• _WHAT IS BEING ASKED_: In the copy, keep every line below as it is and leave out the pictures.

• _GIVEN DATA_:
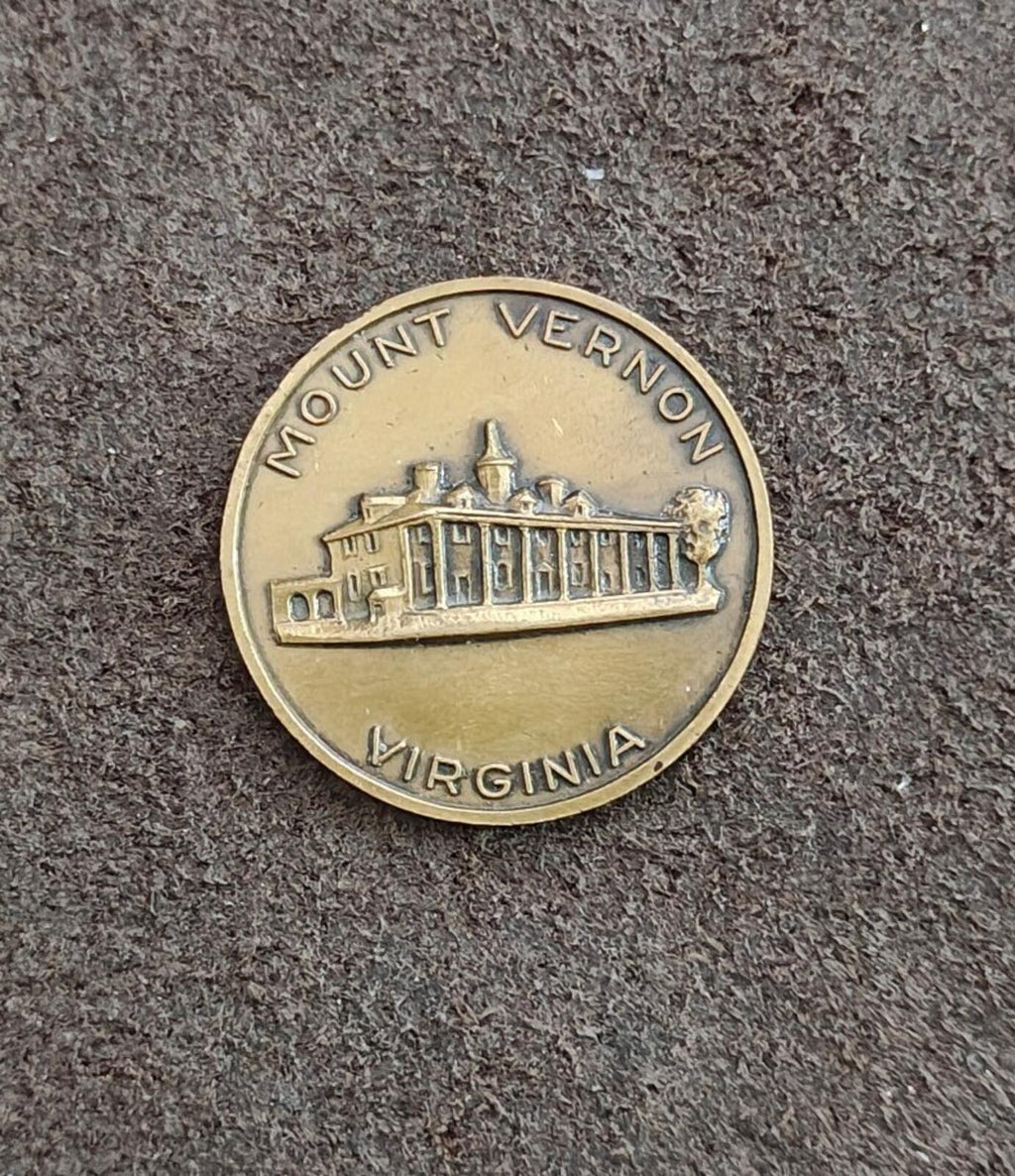Gold Mount Vernon commemorative bronze token, building with Mount Vernon and Virginia text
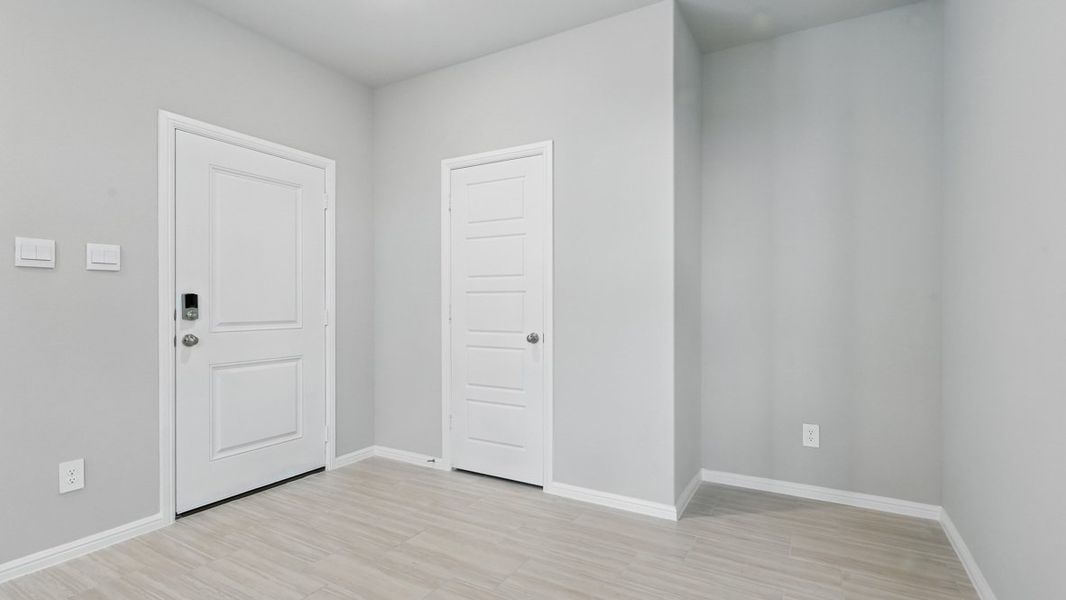 Spacious, unfurnished interior of a new home in Orchard Village, Fort Worth (Image 23). Spacious, unfurnished interior of a new home in Orchard Village, Fort Worth (Image 23).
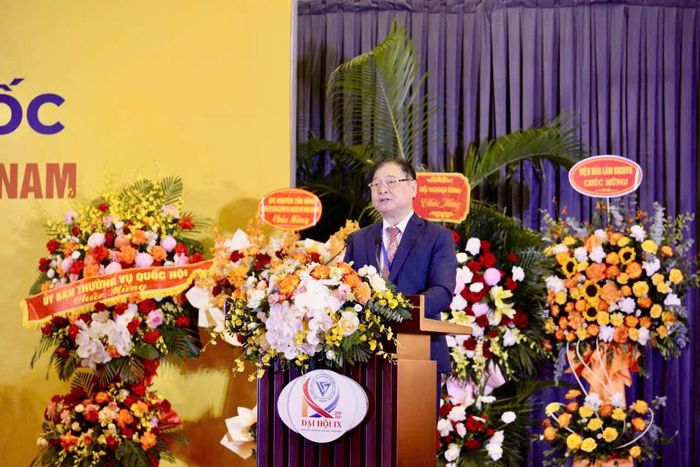 TSKH Phan Xuân Dũng, Chủ tịch Liên hiệp Hội Việt Nam khóa VIII, phát biểu khai mạc.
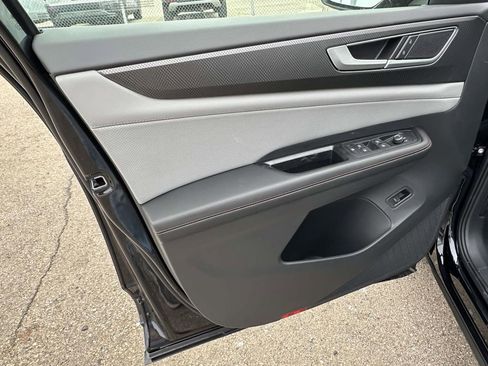 New 2026 Volkswagen Atlas Peak Edition AWD/4WD image 13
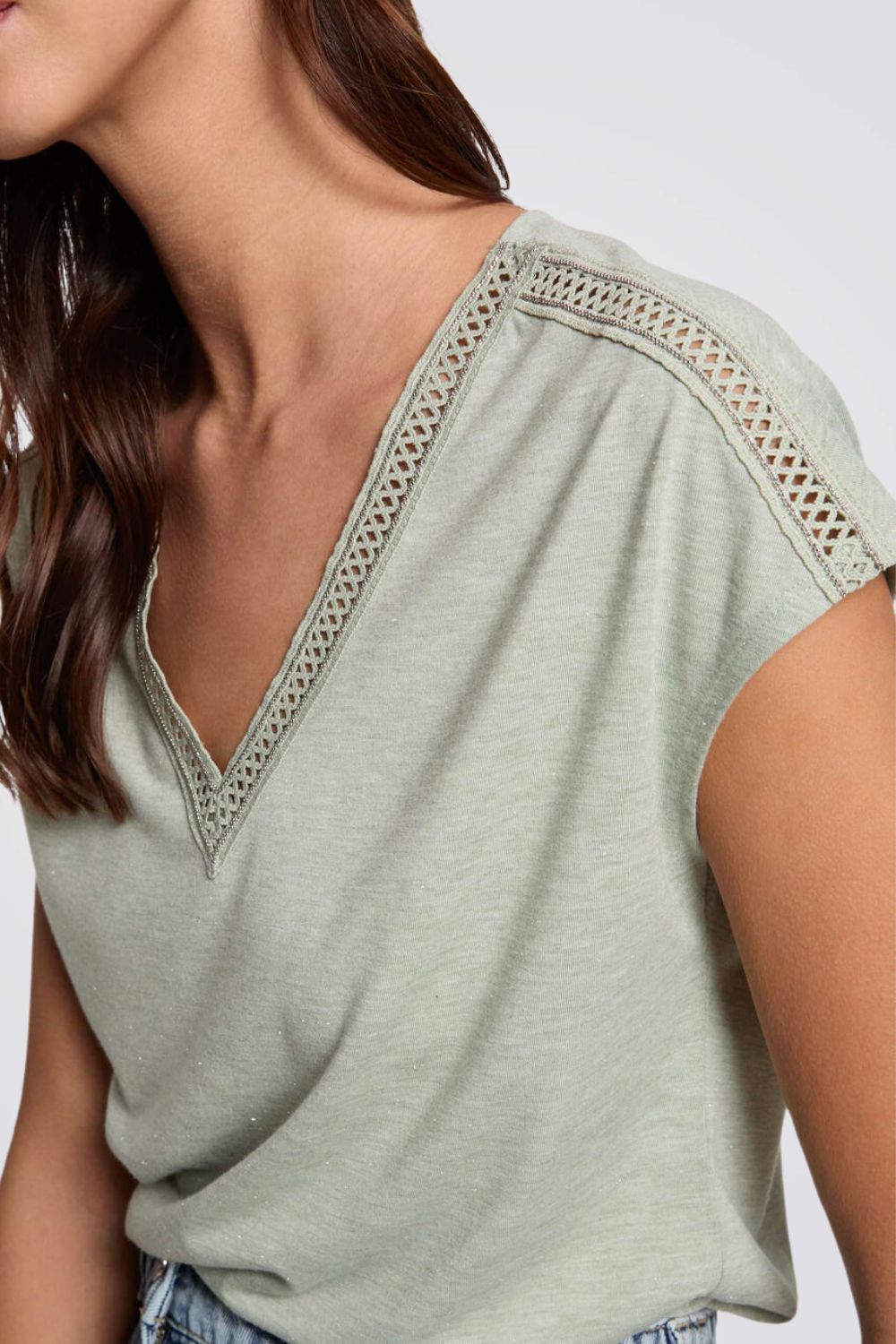 טישירט עם עיטורי קרושה בצבע ירוק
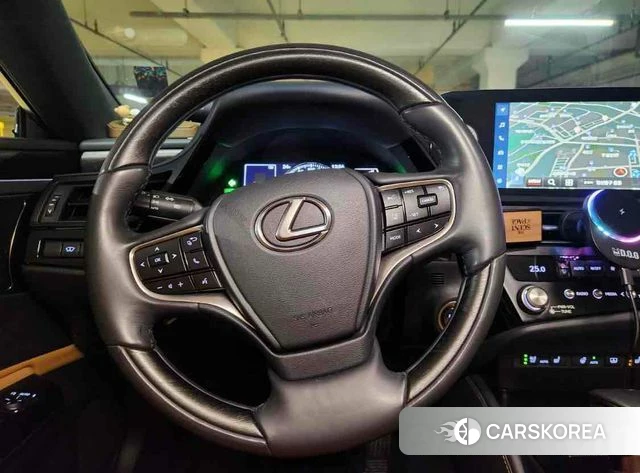 Lexus ES300h 7th generation 2023 Белый из Кореи, фото 3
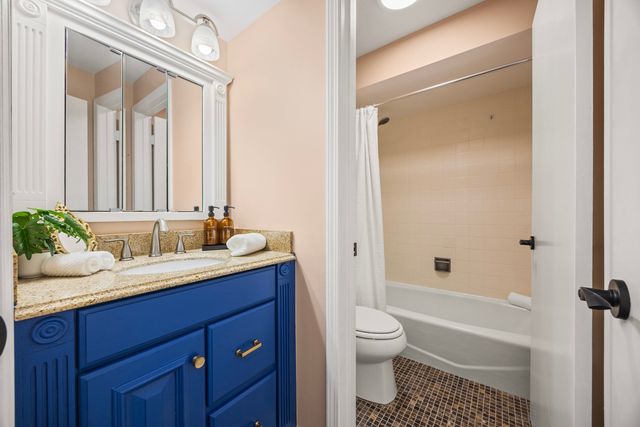 8519 W Catherine Avenue 279, Chicago, IL 60656
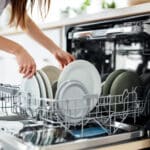 Ces règles de remplissage du lave-vaisselle mettent enfin fin aux débats éternels sur le rinçage et la vaisselle mal placée !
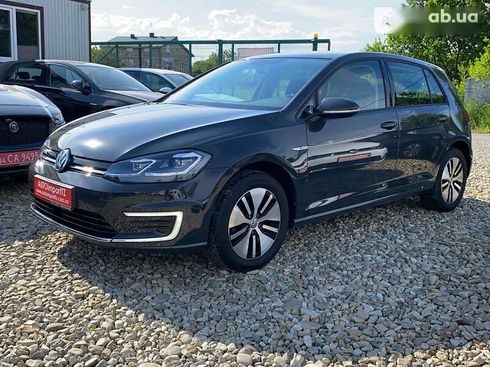 Volkswagen e-Golf 2020 - фото 7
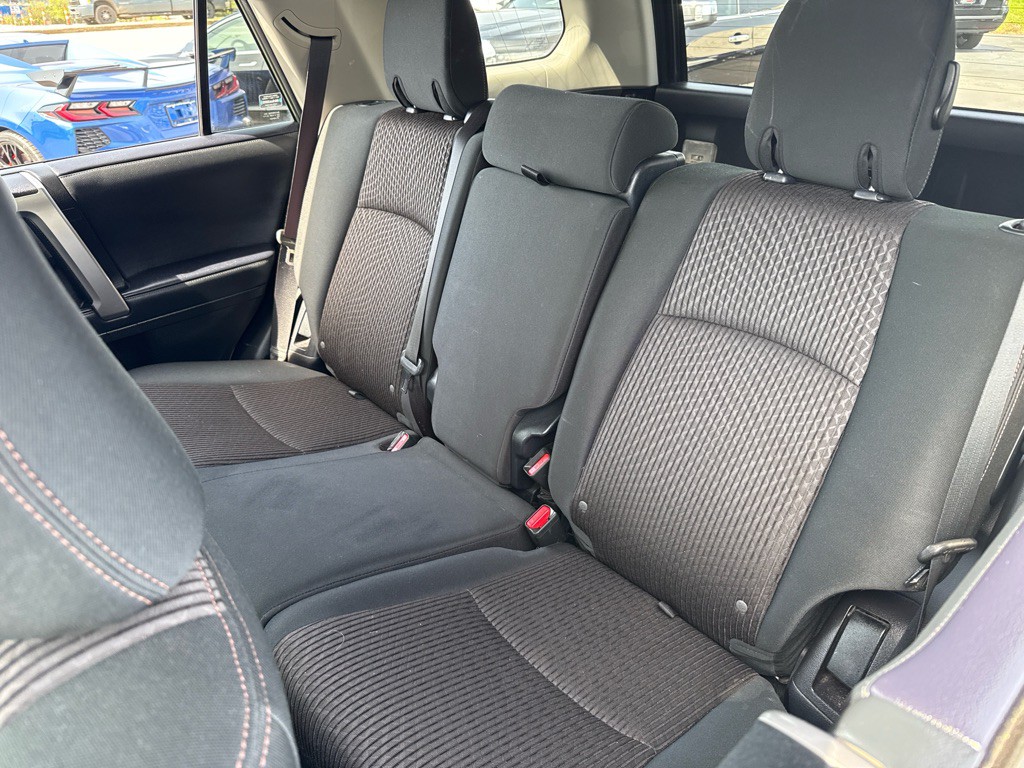 2021 Toyota 4Runner Image 17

• _OUTPUT_:
Gold Mount Vernon commemorative bronze token, building with Mount Vernon and Virginia text
 Spacious, unfurnished interior of a new home in Orchard Village, Fort Worth (Image 23). Spacious, unfurnished interior of a new home in Orchard Village, Fort Worth (Image 23).
 TSKH Phan Xuân Dũng, Chủ tịch Liên hiệp Hội Việt Nam khóa VIII, phát biểu khai mạc.
 New 2026 Volkswagen Atlas Peak Edition AWD/4WD image 13
 טישירט עם עיטורי קרושה בצבע ירוק
 Lexus ES300h 7th generation 2023 Белый из Кореи, фото 3
 8519 W Catherine Avenue 279, Chicago, IL 60656
 Ces règles de remplissage du lave-vaisselle mettent enfin fin aux débats éternels sur le rinçage et la vaisselle mal placée !
 Volkswagen e-Golf 2020 - фото 7
 2021 Toyota 4Runner Image 17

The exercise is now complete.